→ TRY IT:
Give again, exactly and only, the lines running from the one with "NYX compact kit" to the end of the material below; leave out pictures.

PROVIDED MATERIAL START

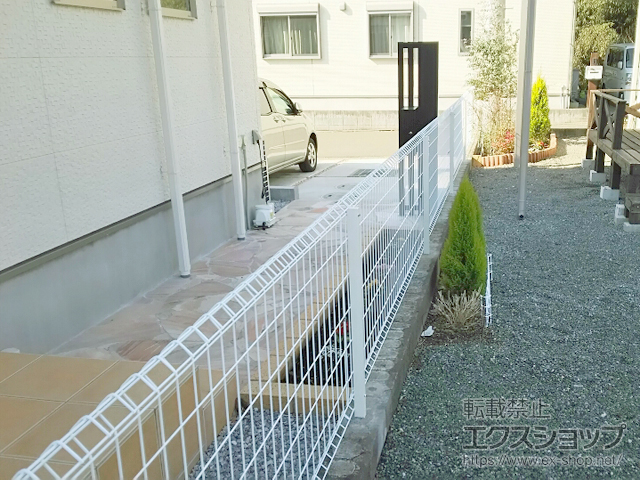 神奈川県足柄上郡大井町ののフェンス・柵 イーネットフェンス1F型 自由柱＜水平地＞ 施工例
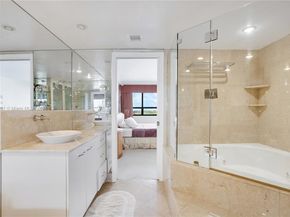 Undisclosed Address #A11874401, Miami FL 33133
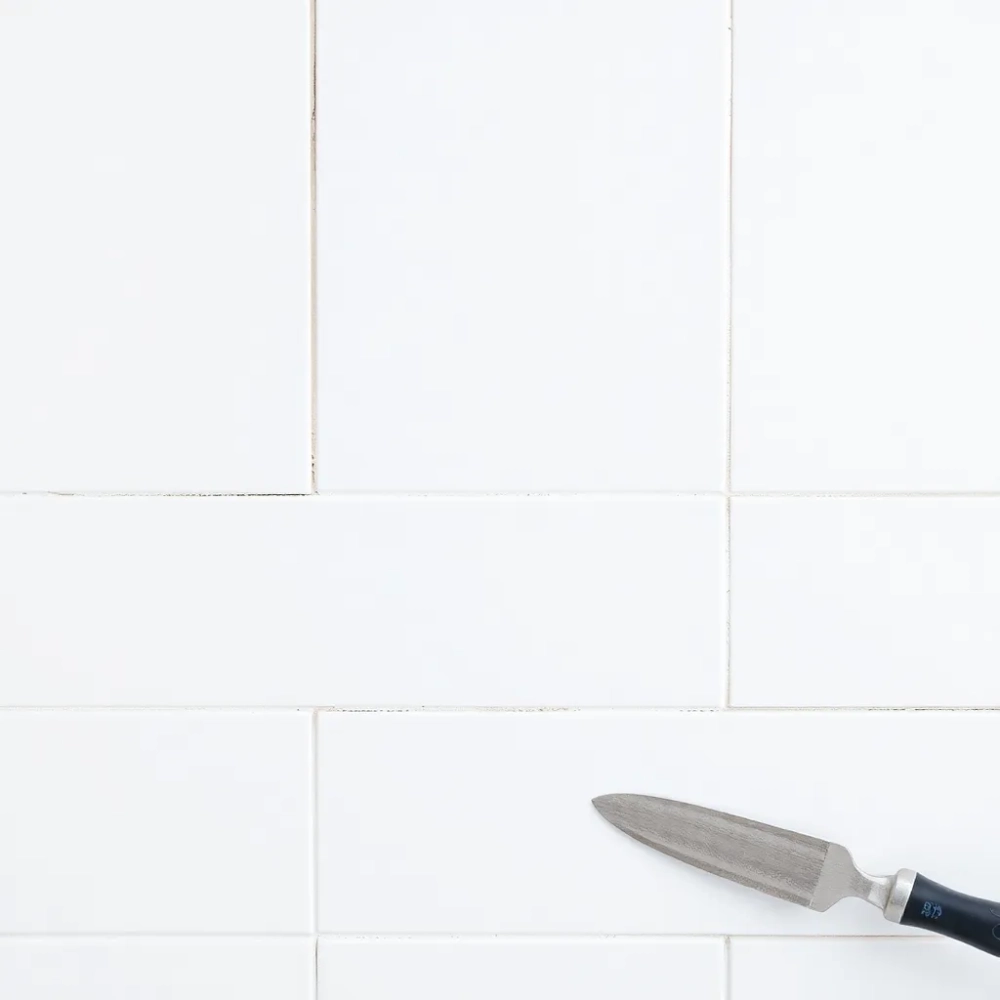 jak położyć płytki gipsowe na ścianę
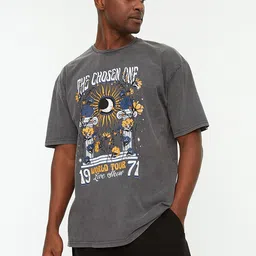 Trendyol Men Grey Typography Printed Drop-Shoulder Sleeves Pure Cotton T-shirt-picture-29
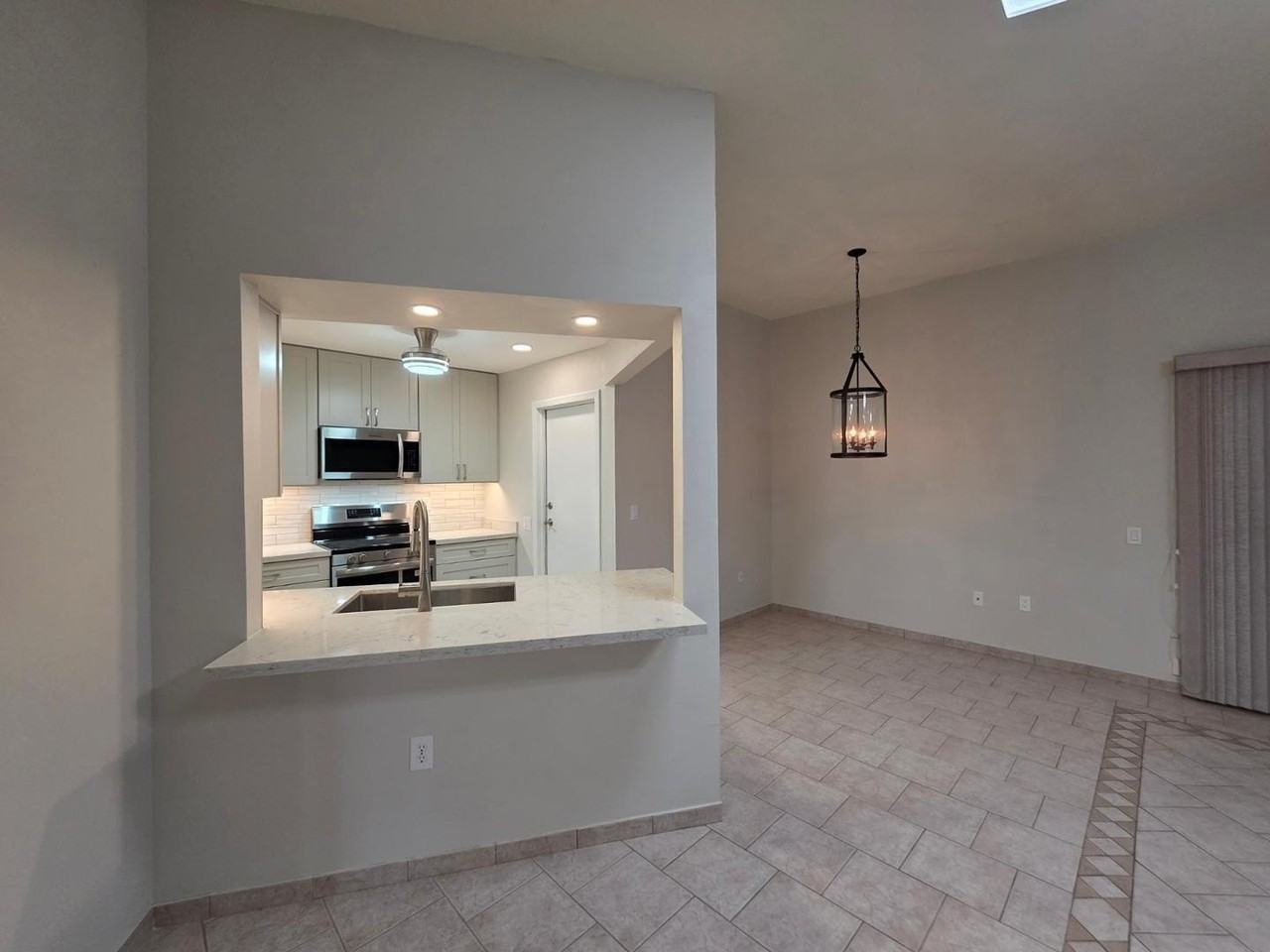 16863 N 103rd Ave - Photo 7 of 7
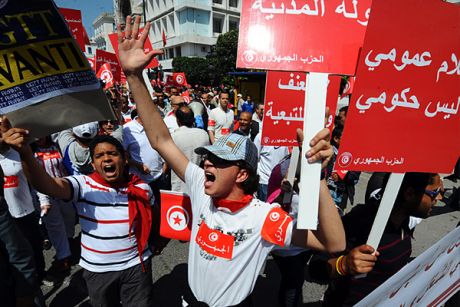 Issue Tunisia: 'The people want another revolution'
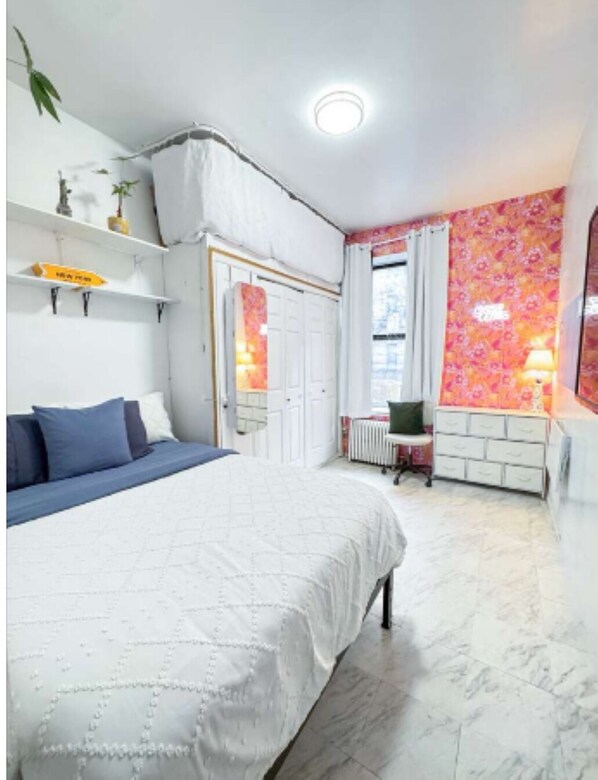 1 bedroom, bed sheets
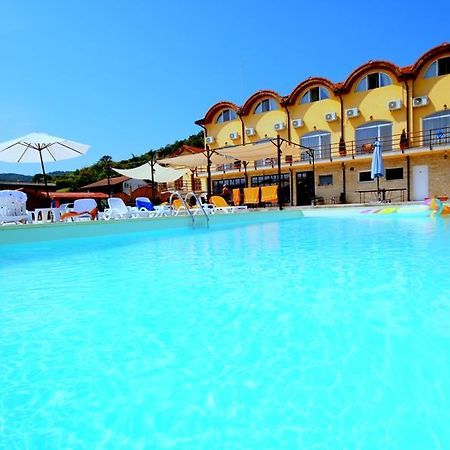Mai Danube Hotell Ieşelniţa Eksteriør bilde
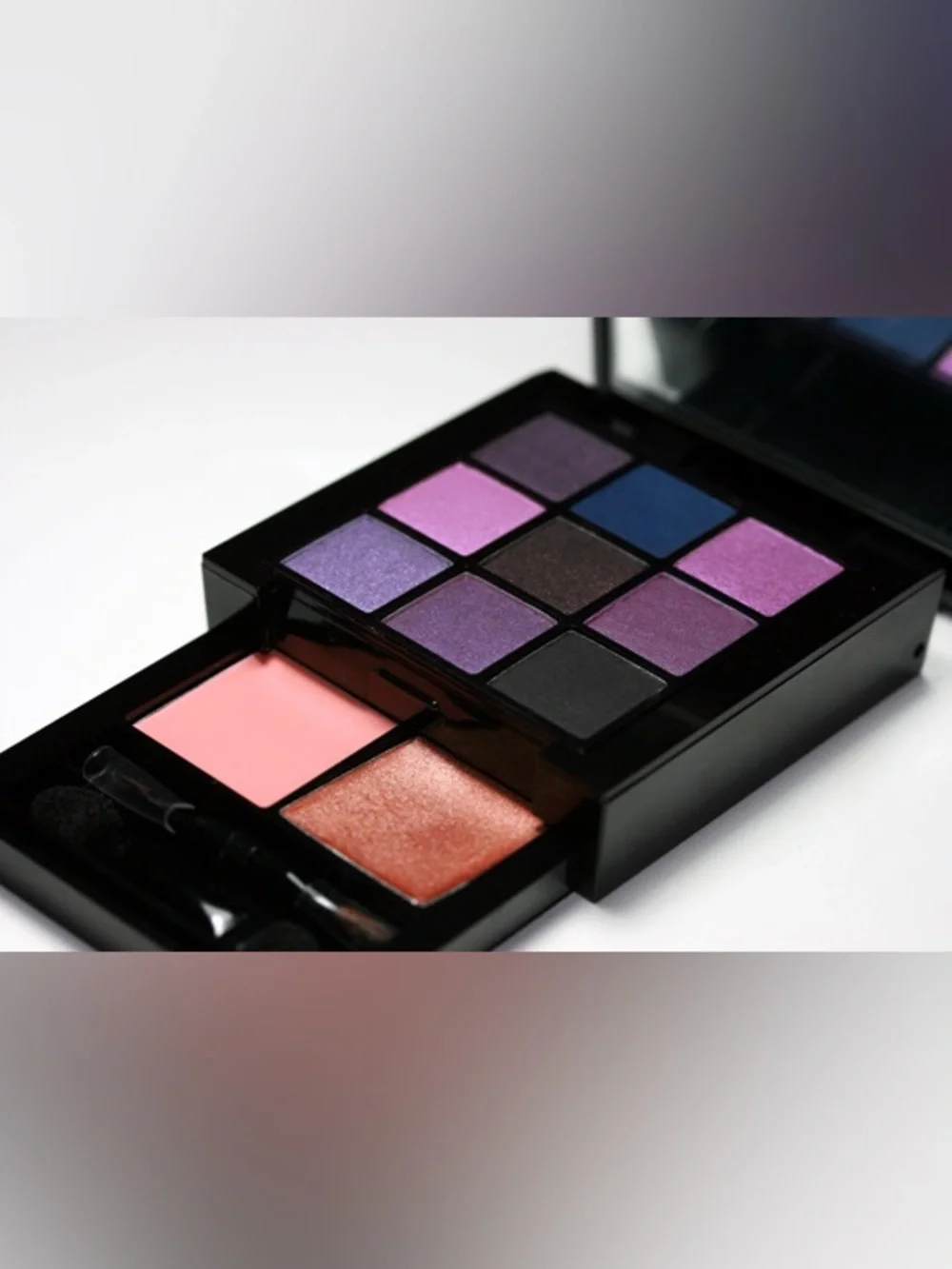 NYX compact kit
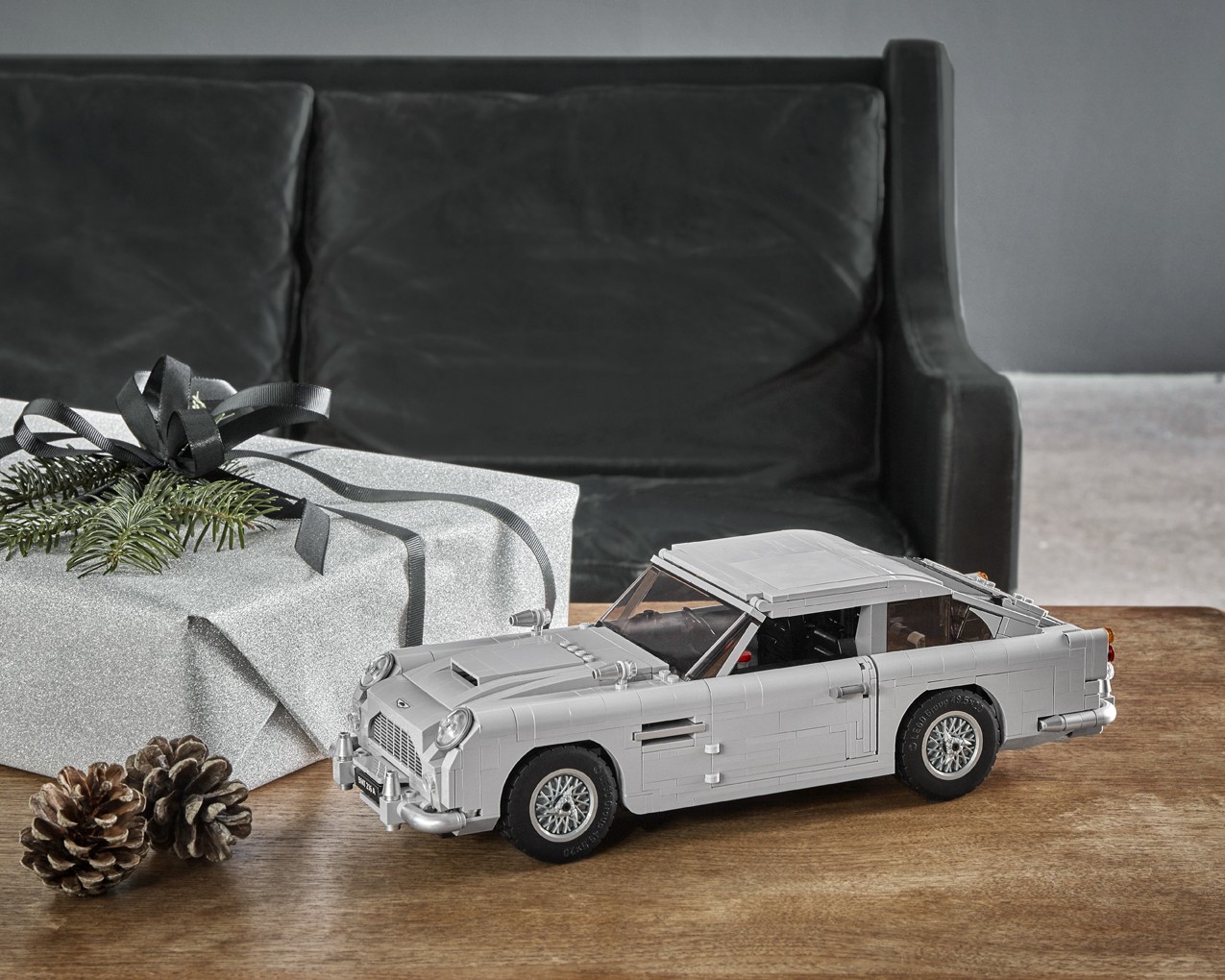LEG0-Aston-Martin-DB5-44 LEGO’s James Bond Aston Martin DB5 Has A Working Ejector Seat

PROVIDED MATERIAL END

→ TASK ANSWER:
 NYX compact kit
LEG0-Aston-Martin-DB5-44 LEGO’s James Bond Aston Martin DB5 Has A Working Ejector Seat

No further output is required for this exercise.